**ABOUT THIS TASK:**
Would you work out how many of the lines below hold "front" and reply with nothing but the number?

[RECORDS PROVIDED]

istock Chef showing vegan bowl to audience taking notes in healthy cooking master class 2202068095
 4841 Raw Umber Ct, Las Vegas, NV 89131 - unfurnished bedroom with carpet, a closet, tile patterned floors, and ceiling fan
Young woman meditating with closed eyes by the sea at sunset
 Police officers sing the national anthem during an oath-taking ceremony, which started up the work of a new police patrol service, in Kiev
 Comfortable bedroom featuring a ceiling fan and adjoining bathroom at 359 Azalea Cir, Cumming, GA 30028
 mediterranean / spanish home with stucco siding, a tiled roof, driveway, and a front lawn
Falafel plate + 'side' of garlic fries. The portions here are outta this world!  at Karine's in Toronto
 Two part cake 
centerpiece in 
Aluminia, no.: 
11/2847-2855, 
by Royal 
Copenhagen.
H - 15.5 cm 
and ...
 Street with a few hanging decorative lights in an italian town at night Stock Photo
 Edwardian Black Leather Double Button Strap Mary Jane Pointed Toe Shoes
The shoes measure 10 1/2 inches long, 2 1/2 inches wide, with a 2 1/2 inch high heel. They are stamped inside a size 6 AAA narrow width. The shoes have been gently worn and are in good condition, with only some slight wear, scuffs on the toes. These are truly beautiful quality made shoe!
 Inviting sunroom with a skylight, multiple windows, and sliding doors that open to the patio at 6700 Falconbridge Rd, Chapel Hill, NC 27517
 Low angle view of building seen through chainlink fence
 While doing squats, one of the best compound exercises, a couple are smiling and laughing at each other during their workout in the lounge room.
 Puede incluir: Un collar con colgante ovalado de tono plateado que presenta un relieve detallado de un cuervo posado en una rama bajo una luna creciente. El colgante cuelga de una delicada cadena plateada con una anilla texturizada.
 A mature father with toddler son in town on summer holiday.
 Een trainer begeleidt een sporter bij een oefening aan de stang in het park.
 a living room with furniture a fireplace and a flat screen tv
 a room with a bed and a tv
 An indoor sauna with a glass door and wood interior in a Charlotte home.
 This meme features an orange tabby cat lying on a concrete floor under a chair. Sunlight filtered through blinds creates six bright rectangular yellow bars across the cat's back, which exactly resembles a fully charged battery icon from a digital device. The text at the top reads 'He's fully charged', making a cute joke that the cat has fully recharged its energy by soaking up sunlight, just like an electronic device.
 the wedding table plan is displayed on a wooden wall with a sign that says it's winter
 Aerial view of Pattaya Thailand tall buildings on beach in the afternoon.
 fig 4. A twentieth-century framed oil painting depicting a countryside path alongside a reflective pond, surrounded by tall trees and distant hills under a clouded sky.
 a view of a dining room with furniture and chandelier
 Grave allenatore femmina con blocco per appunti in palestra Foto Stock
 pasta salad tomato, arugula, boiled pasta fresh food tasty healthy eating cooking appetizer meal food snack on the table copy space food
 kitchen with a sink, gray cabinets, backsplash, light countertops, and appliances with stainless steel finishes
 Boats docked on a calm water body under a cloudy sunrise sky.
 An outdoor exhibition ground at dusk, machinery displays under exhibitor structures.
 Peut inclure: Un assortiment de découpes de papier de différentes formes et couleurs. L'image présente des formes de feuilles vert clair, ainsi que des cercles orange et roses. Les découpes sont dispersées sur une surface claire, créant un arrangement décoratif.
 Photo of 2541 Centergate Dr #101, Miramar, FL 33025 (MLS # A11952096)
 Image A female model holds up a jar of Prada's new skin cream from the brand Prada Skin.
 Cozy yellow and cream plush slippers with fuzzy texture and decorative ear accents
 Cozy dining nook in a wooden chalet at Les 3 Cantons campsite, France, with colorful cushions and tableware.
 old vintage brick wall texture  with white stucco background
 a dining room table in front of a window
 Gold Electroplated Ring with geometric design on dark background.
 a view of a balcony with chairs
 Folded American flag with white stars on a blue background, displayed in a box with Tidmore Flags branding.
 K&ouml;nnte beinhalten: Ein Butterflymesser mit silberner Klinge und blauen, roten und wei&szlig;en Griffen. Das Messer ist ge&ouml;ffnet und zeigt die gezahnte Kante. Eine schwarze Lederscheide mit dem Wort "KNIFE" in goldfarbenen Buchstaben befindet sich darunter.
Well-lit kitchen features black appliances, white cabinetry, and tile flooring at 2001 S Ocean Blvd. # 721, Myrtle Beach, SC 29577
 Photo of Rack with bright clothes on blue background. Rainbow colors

[/RECORDS PROVIDED]

**ANSWER BOX:**
2